Si la co-intervention donne l’occasion de travailler les automatismes de calcul utilisés dans les disciplines physiques et technologiques : conversions d’unités, application et inversion de formules, explicitation d’une grandeur inconnue dans une formule, proportionnalité, équations de droites, représentation graphique de données chiffrées… elle présuppose avant tout un projet d’enseignement élaboré en commun, qui respecte la progression de chacune des disciplines, dans une approche de pluri-disciplinarité.

Dans le cadre de la co-intervention, les notions suivantes pourront être présentées selon les besoins de formation :

  • Fonctions d’une variable réelle et modélisation du signal
  • Calcul intégral à l’exception de la formule d’intégration par parties
  • Équations différentielles, à l’exception des paragraphes « nombres complexes » et « équations linéaires du second ordre à coefficients réels constants »
  • Statistique descriptive
  • Probabilités 1
  • Probabilités 2
  • Nombres complexes
  • Transformée de Fourier discrète
  • Transformation en z
  • Calcul matriciel
  • Les logiciels de traitement de données (R, Python, etc.)

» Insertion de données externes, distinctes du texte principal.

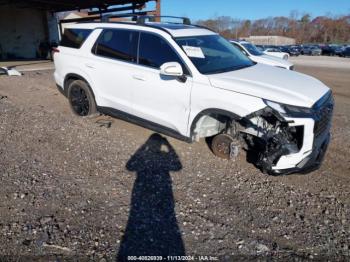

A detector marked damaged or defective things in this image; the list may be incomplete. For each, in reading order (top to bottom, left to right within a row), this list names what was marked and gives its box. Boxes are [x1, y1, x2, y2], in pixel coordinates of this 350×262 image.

crumpled hood [209, 63, 330, 107]
broken headlight [264, 99, 314, 116]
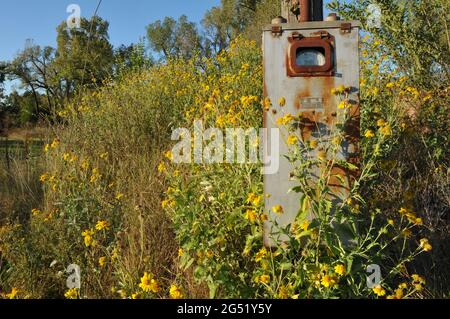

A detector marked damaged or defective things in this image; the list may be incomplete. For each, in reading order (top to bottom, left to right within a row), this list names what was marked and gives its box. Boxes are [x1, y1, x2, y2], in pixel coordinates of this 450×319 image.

rusty metal panel [262, 20, 360, 246]
rusty metal utility box [262, 21, 360, 246]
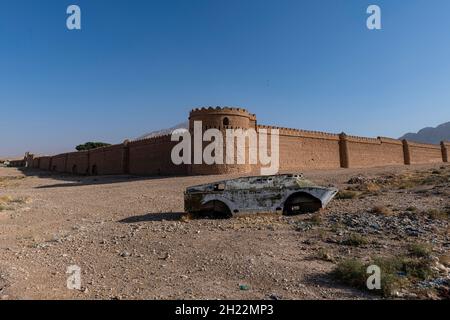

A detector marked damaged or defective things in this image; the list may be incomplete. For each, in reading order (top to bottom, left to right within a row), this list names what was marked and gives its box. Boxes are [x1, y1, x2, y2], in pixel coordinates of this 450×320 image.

rusted car wreck [184, 175, 338, 218]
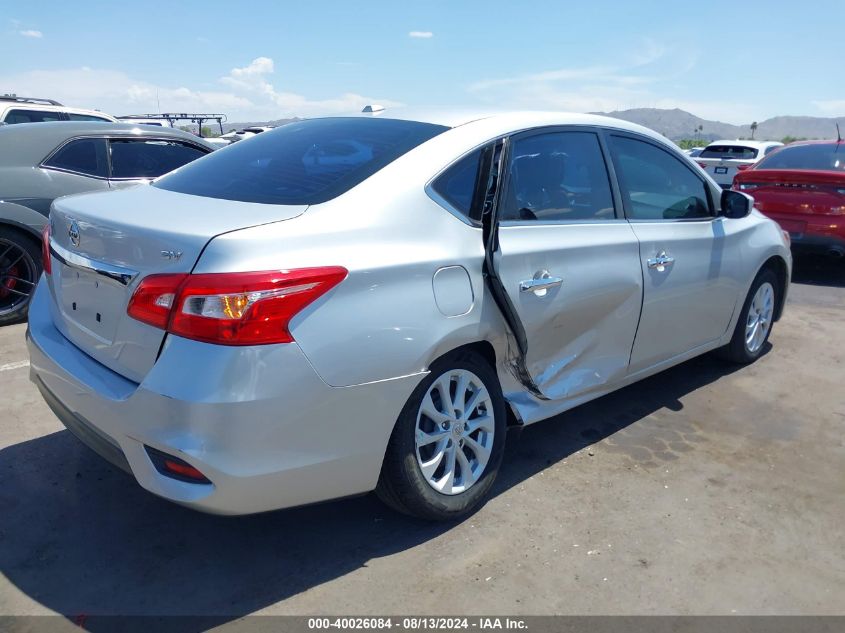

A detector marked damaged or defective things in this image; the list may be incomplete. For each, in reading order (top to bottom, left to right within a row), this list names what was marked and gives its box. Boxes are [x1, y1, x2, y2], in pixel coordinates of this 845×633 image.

cracked tail light [126, 266, 350, 346]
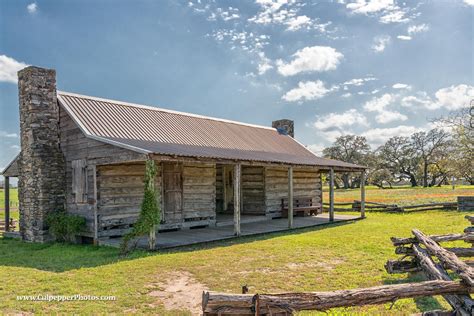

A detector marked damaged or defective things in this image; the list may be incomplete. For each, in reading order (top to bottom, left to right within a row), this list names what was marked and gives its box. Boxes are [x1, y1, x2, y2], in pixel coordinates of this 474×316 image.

rusty metal roof [56, 90, 366, 170]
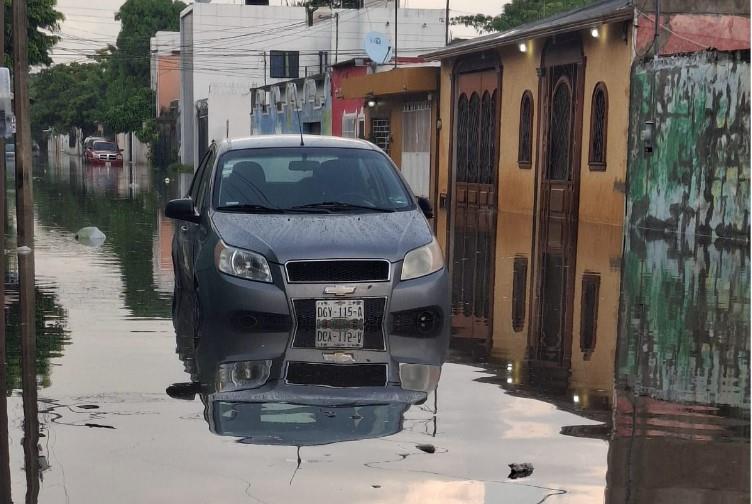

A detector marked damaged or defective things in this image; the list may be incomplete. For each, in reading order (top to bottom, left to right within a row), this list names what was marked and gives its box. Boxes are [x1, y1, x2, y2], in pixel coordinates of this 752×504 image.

Les notions étudiées en co-intervention pourront faire l’objet d’un approfondissement durant les heures d’accompagnement personnalisé (AP) dans le cadre de la poursuite d’études. On se basera sur les choix d’orientation des étudiants pour traiter ce qui est pertinent et utile. Cet approfondissement ne fait pas l’objet d’une évaluation.


Physique

L’enseignement de physique en BTS « Cybersécurité, Informatique et réseaux, Électronique » se réfère aux connaissances scientifiques associées aux compétences professionnelles décrites dans Référentiel - BTS CIEL (Option A)

Les connaissances relevant de la physique sont identifiables dans les tableaux décrivant les compétences par la couleur ROUGE qui se distingue des enseignement STI en BLEU.